◆ **WHAT TO PRODUCE**
Begin your transcription at the line containing "Perfect 10 Liners - Episode 2 [Eng Sub]" and continue it, word for word, to the final line below. Include only those lines and skip the pictures.

[Brief descriptive captions]
++++++++++++++++++++

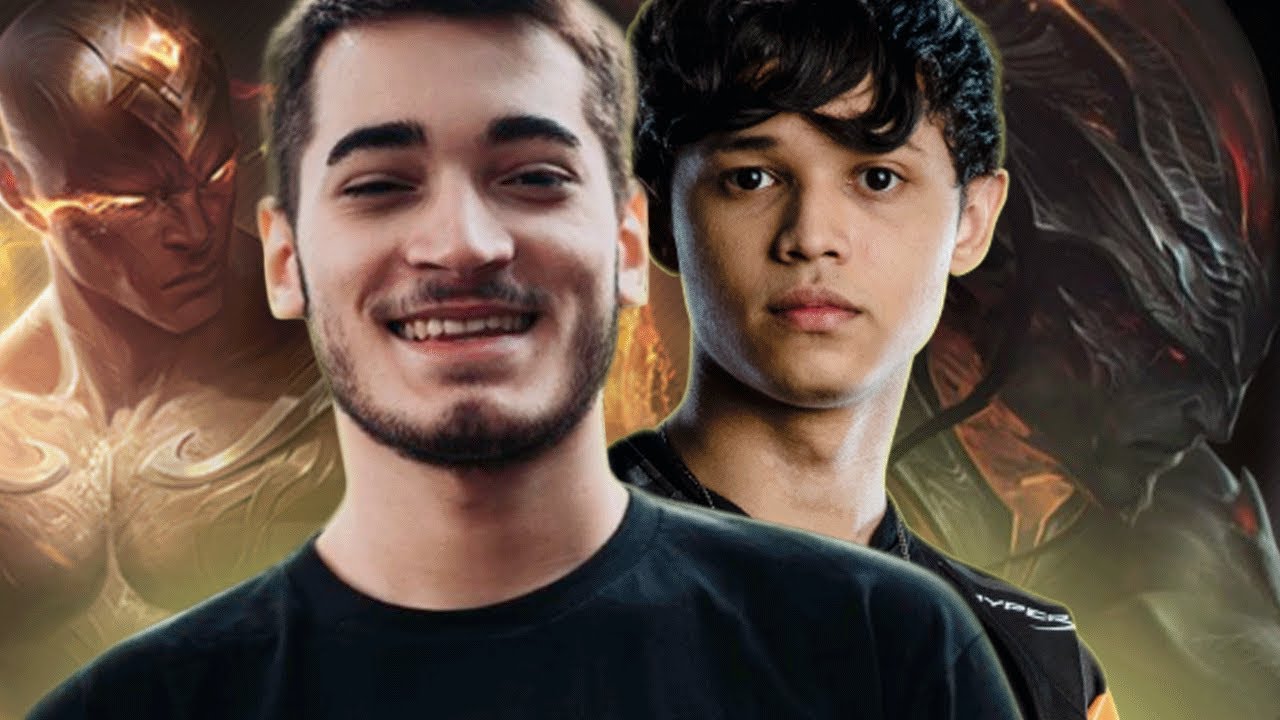 GAMEPLAY DE ALTO NÍVEL NO CHALLENGER  ft.Titan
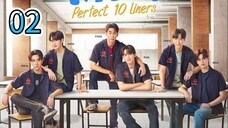Perfect 10 Liners - Episode 2 [Eng Sub]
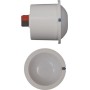 MDT SCN-P360E3.03 mit 3 Sensoren zum Einbau für LED Spots (SCN-P360E3.03)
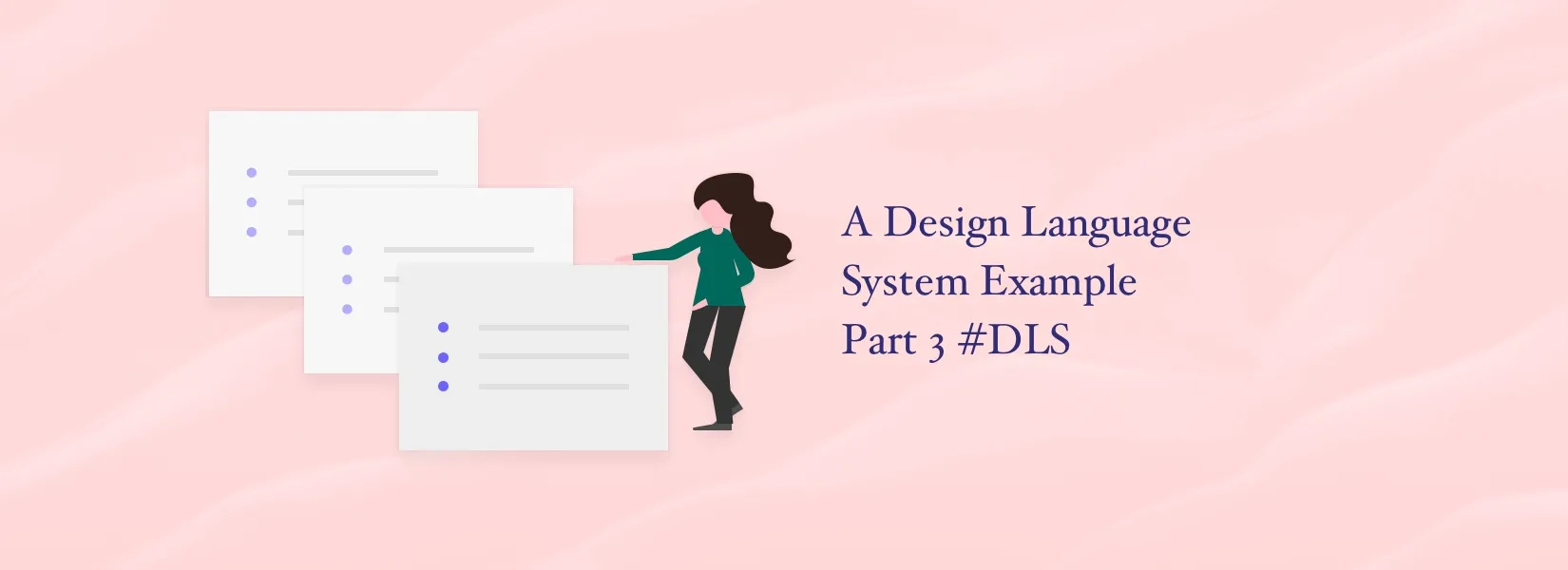 A Design Language System Example Part 3 #DLS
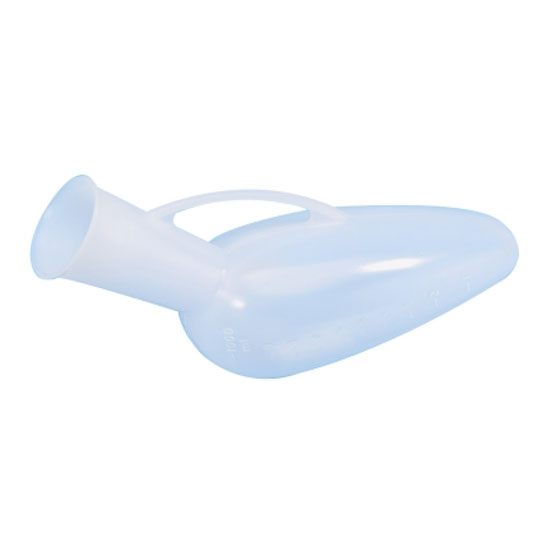 Urinal-pistolet Homme , incontinence urinaire Homme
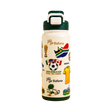 The Bottle Gallery Bafana Inspired Bottle - One Golf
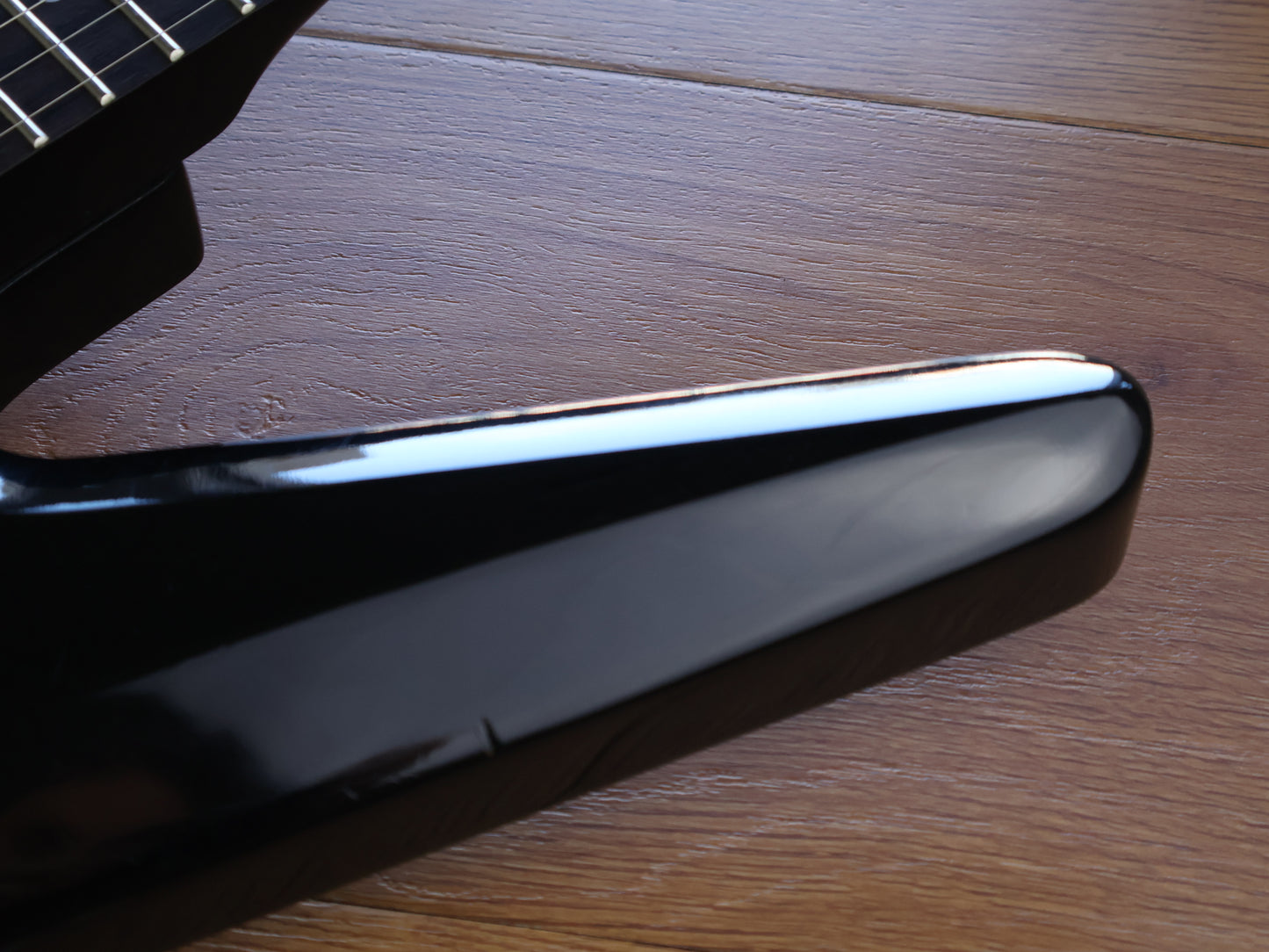 1985 Tokai F-55 Five Star Explorer (Black)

++++++++++++++++++++

◆ **RESPONSE TO THIS TASK**
Perfect 10 Liners - Episode 2 [Eng Sub]
 MDT SCN-P360E3.03 mit 3 Sensoren zum Einbau für LED Spots (SCN-P360E3.03)
 A Design Language System Example Part 3 #DLS
 Urinal-pistolet Homme , incontinence urinaire Homme
 The Bottle Gallery Bafana Inspired Bottle - One Golf
 1985 Tokai F-55 Five Star Explorer (Black)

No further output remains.